The site in New Jiangwan Town in northeastern Yangpu District fetched a price of 6.752 billion yuan (US$933 million).
It is designated for mixed purposes, including commercial, residential and office, and has a total gross floor area of about 900,000 square meters.
The land was sold at its starting price - a per gross-floor-area price of 7,500 yuan per square meter - as the United States company encountered no competition, industry sources said.
"The final winner came as no surprise to me since a series of strict requirements announced earlier by the local housing and land resources administration bureau definitely barred all other interested developers, both from the country and overseas, from bidding," Xue Jianxiong, head of research at Shanghai Youwin Real Estate Services Co, told Shanghai Daily during a phone interview yesterday.
"It reflected the local government's high-end positioning of this project as Tishman Speyer has vast experience in top-notch commercial properties."

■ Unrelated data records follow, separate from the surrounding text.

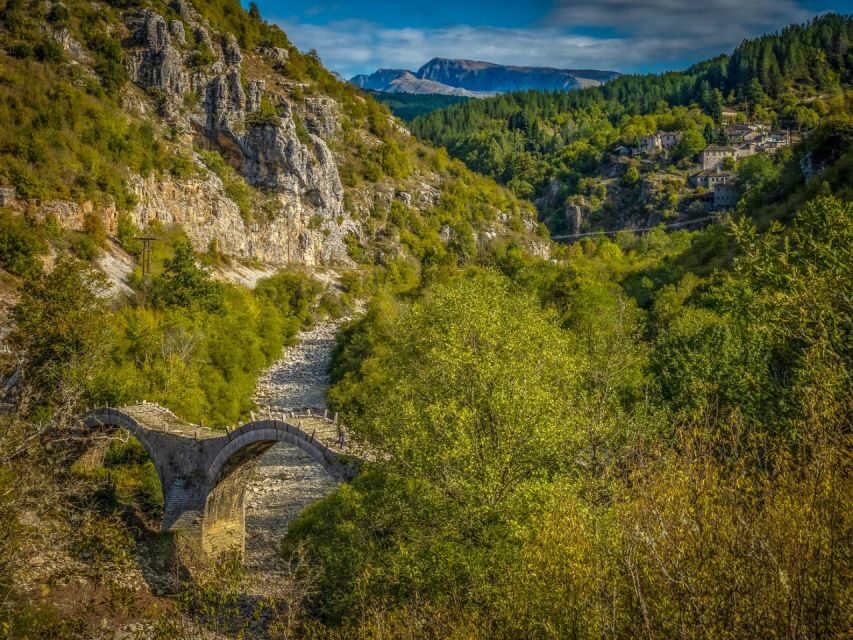 Kipoi: Zagori Villages and Bridges Hike - The Charm of the Stone Bridges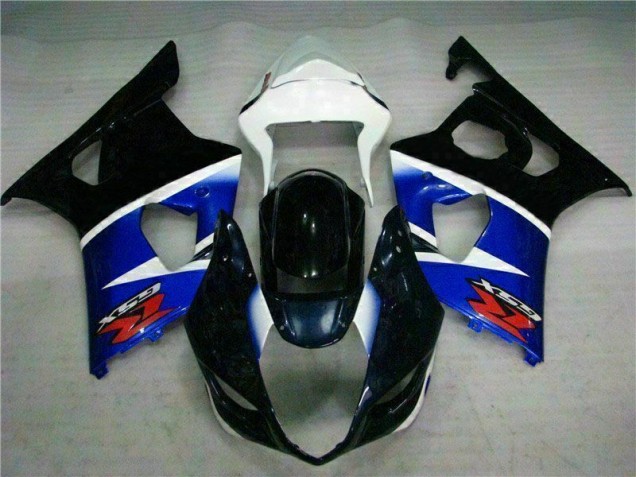 GSXR 1000 K3 03-04 Verkleidung - Schwarz Blau GSXR 1000 K3 03-04 Verkleidung - Schwarz Blau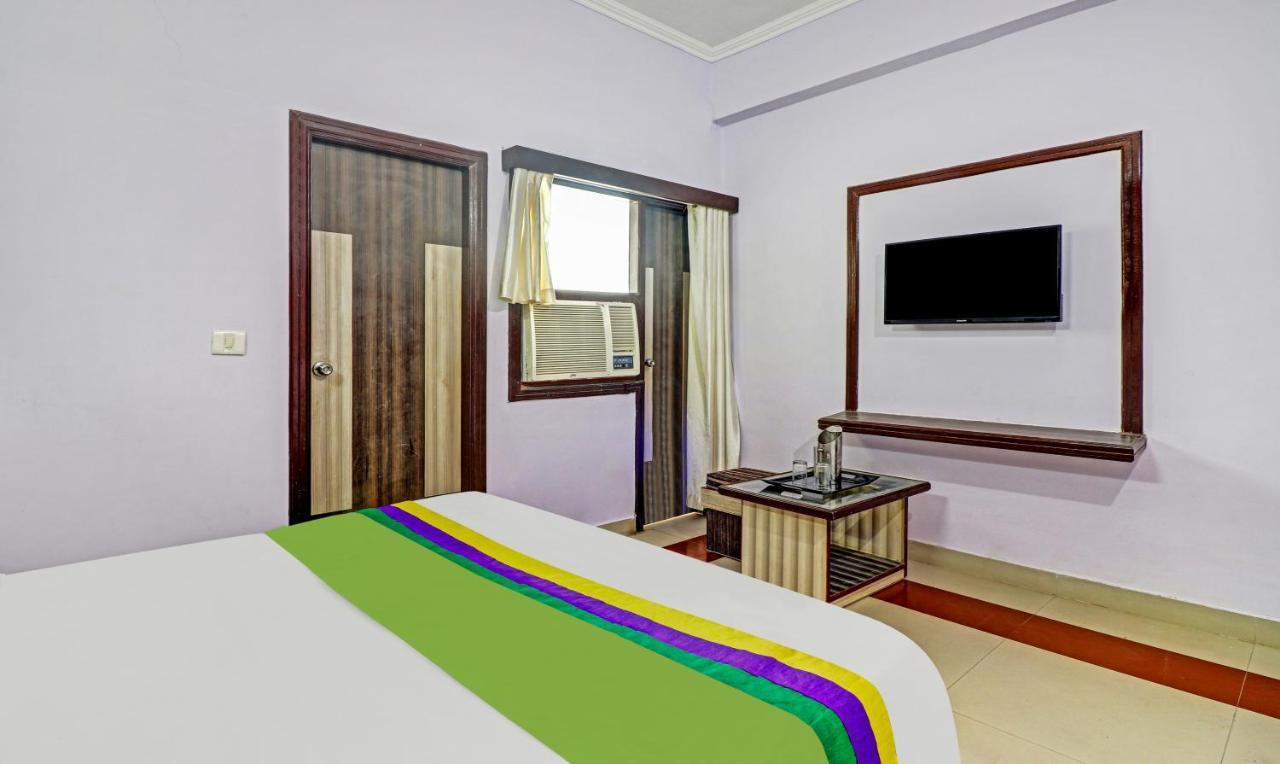 Golden Pearl Hotel อัครา ภายนอก รูปภาพ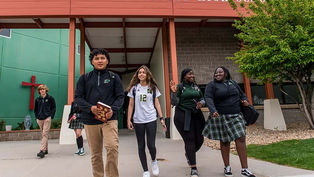 Bishop Machebeuf High School: Honoring the Past. Celebrating the Present. Engaging the Future.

Major requirements for potential bidders included:
Owning and managing no less than five million square meters of commercial property;
Developing no less than two million square meters of comprehensive Grade A commercial and office space; and
Developing and managing no less than one million square meters of comprehensive commercial and office space above large metro hubs.
Tishman Speyer's landmark achievements include the Rockefeller Center and Chrysler Center in New York and City Point and Tower Place in London.
The New York-based company had earlier shown interest in a 13,709-square-meter prime-location plot in Shanghai which was eventually acquired by Shenzhen-listed Suning Universal Co Ltd in August at a record per-GFA price of 67,000 yuan per square meter.
Industry experts said the final per-GFA price yesterday might have an influence over future costs in the city.
"The sharp decline of land prices in the area could be viewed as a government stance to curb the overheated real-estate market," said an industry insider who declined to be identified.